PROBLEM REQUIREMENTS: Retype, word for word, every line starting at the line with "Beachy 1BR Escape with SofaBed Golf" and ending with the final line of the entries; skip the pictures.

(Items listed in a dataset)

"""

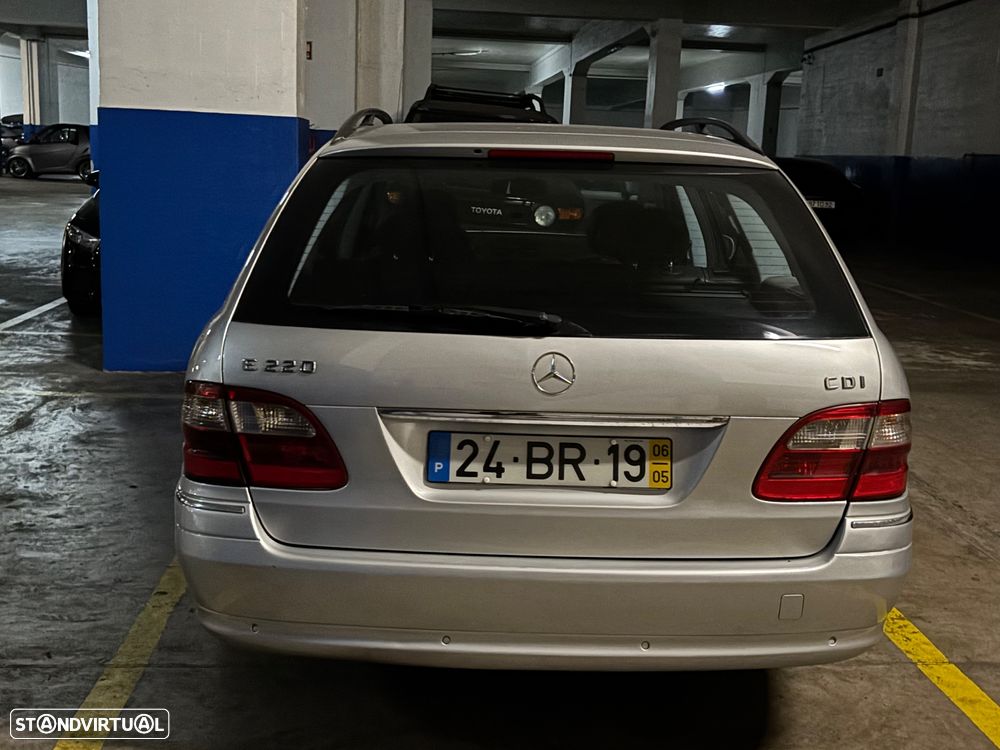 Mercedes-Benz E 220 CDi Avantgarde Aut. - 15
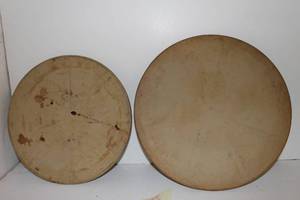lot 82 image: Pampered Chef Pizza Stones Family Heritage Stoneware Classic Collections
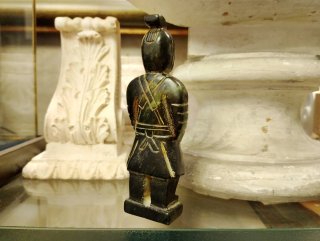 Figura de guerrero terracota nefrita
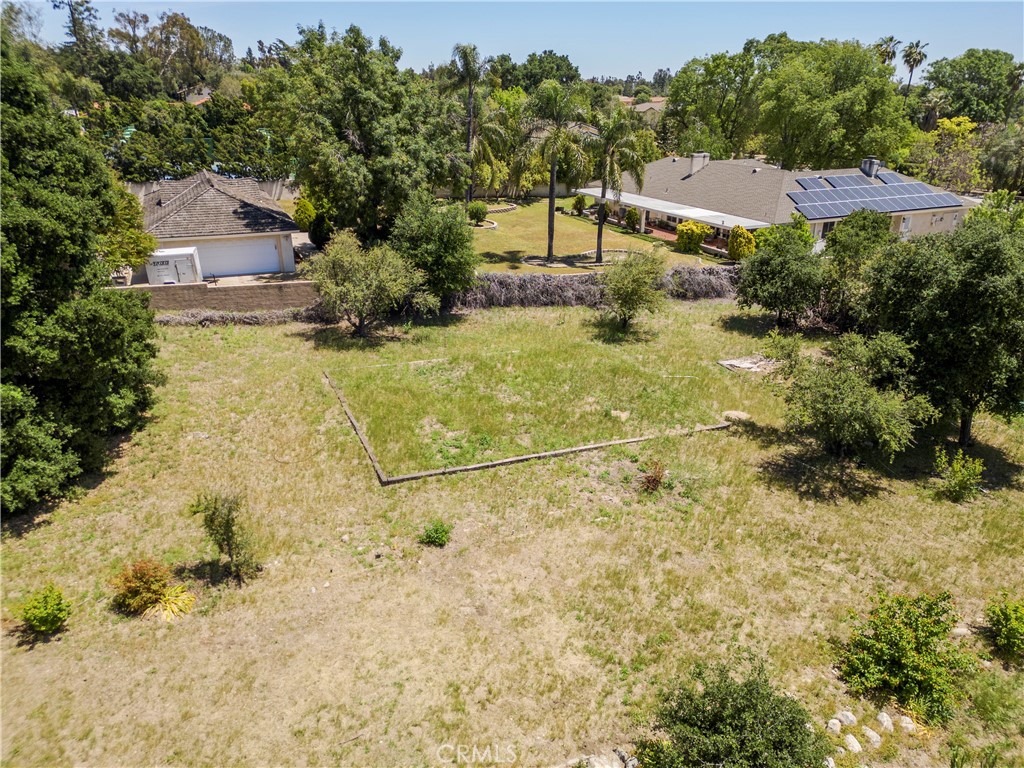 3518 North Mills Avenue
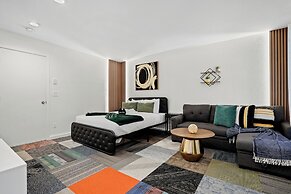 Beachy 1BR Escape with SofaBed Golf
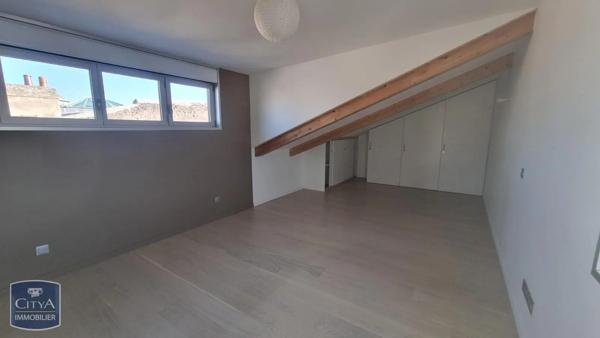 Appartement à louer 4 pièces 103.97m² Clermont-Ferrand (63000)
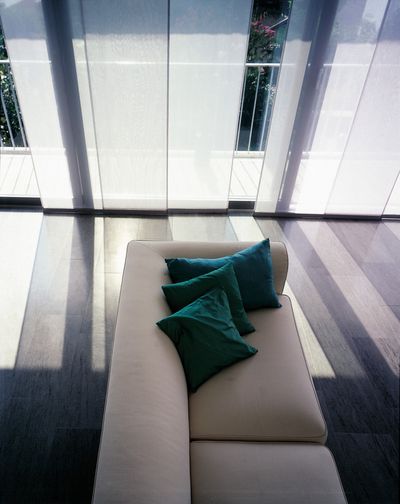 Sistemas de panel japonés, SG 2700, Room shot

"""

THE COMPLETED TASK:
 Beachy 1BR Escape with SofaBed Golf
 Appartement à louer 4 pièces 103.97m² Clermont-Ferrand (63000)
 Sistemas de panel japonés, SG 2700, Room shot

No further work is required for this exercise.